Tuesday, June 30, 2015

Amazing New Website!

While you can find winery addresses and pull them up on a map, finding specific vineyards has been a larger challenge. Maps of AVAs (American Viticultural Areas) are readily available but usually at sites focused on that region exclusively. Everyvine is an exciting tool and I would like to take you on a brief tour. Here is the link: http://www.everyvine.com/
There is a new website featuring maps of wineries, vineyards and AVAs that is free to browse and you can even embed the maps on your website, if you choose (this can cost money). You will find only domestic wines represented but Oregon and Washington are included with California. Surprisingly, and impressively, they include West Elks region of Colorado. I would love to see them include Missouri, Virginia, Indiana and Texas (among others) as well but they are off to a good start.
Being able to zoom in and out (simply scroll within the map) on a region and toggle between a map and satellite view is amazing! Here is a map of the Willamette Valley. You can get a real picture of where the wine regions sit in relation to cities (often not included in wine-centric maps) and then you can get a glimpse of the topographical situation to help understand things. All while the region remains delineated on your screen. This is the most exciting aspect of the website to my mind.
You don't need everyvine to find a winery, finding an address and pulling it up on a map is easy. However, the vineyards are not always located next to the winery itself and it can be quite a challenge to find them on a virtual map. Everyvine does it for you, again with marked boundaries. I found the vineyard search option a bit confusing but they do appear to still be in beta, so perhaps some bugs will get corrected. When you find a vineyard, you need to click the name to get to the map. Here is the famous Shea Vineyard in Willamette Valley.
They have maps for sale as well, be sure to check out the options. This website is a wine geek's dream come true(!) and I hope they are wildly successful, eventually bringing us the entire globe.



Monday, June 15, 2015

Rettig Hill Grand Rouge - Mini Vertical

Vertical tastings, multiple vintages of the same wine, might just be my favorite way to learn about a winery. You can see vintage variation and even watch the evolution of a style. Unfortunately, I had only two vintages of this wine - as mini a vertical as you can get. However, I learned quite a few things and look forward to an opportunity to visit the winery in person.

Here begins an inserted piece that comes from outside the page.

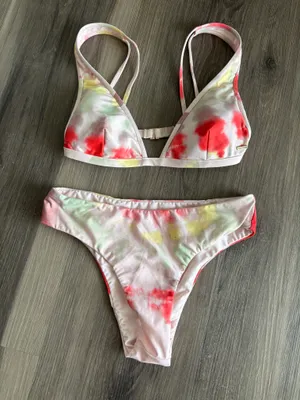 Tie die Volcom bikini  thumbnail 1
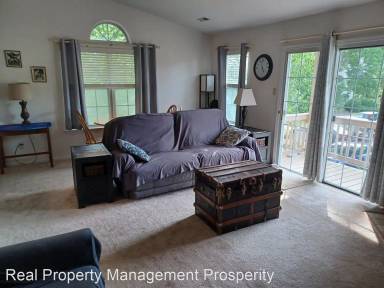 Main picture of 3006 Beacon Hill Dr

Two years ago I attended Vintage Indiana and bought a number of bottles that impressed me. (You can see that post here). These are my last bottles from that event but I wish I had more.

When I find wines labeled estate grown anywhere, I am interested. When those wineries are located in places not California, Oregon or Washington, my inner geek gets very excited. Importing grape juice from California and bottling it in, for example, Indiana does not do anything for me. Every so often, one of those wines will be worth drinking at something close to the retail price but those instances are few and far between.
My admiration and appreciation of the dedication required to make these sorts of wine sometimes causes me to gloss over minor flaws. I freely admit to being a cheerleader for these efforts but also try to share my honest opinions.
Rettig Hill is run by Jeff Hill, an Indianapolis native who got involved in winemaking after a trip to Australia. Located in southeastern Indiana, in a town called Osgood, Rettig is producing some exciting wines but might fly below the radar, even for locals, because they are only open by appointment. If you're nervous about being expected to buy and not finding good wine, relax. If you appreciate dry wines, you'll be happy.
The Grand Rouge bottles were from 2010 and 2011. The blends were much different and so were the wines. I can not claim any great depth of knowledge about Indiana vintages so I must attribute the majority of the differences to the blend.
First, we should talk about the grapes involved: norton, villard noir and chambourcin. The first and last are fairly well known in domestic locales other than the west coast. The middle one used to be widely planted in France but I had never encountered the grape before. You can read more about the grapes on Rettig's website under "Our Grapes" (reprints of Wikipedia pages) and also a short post I wrote about norton here or in the Tastings From "Other" States section of my site.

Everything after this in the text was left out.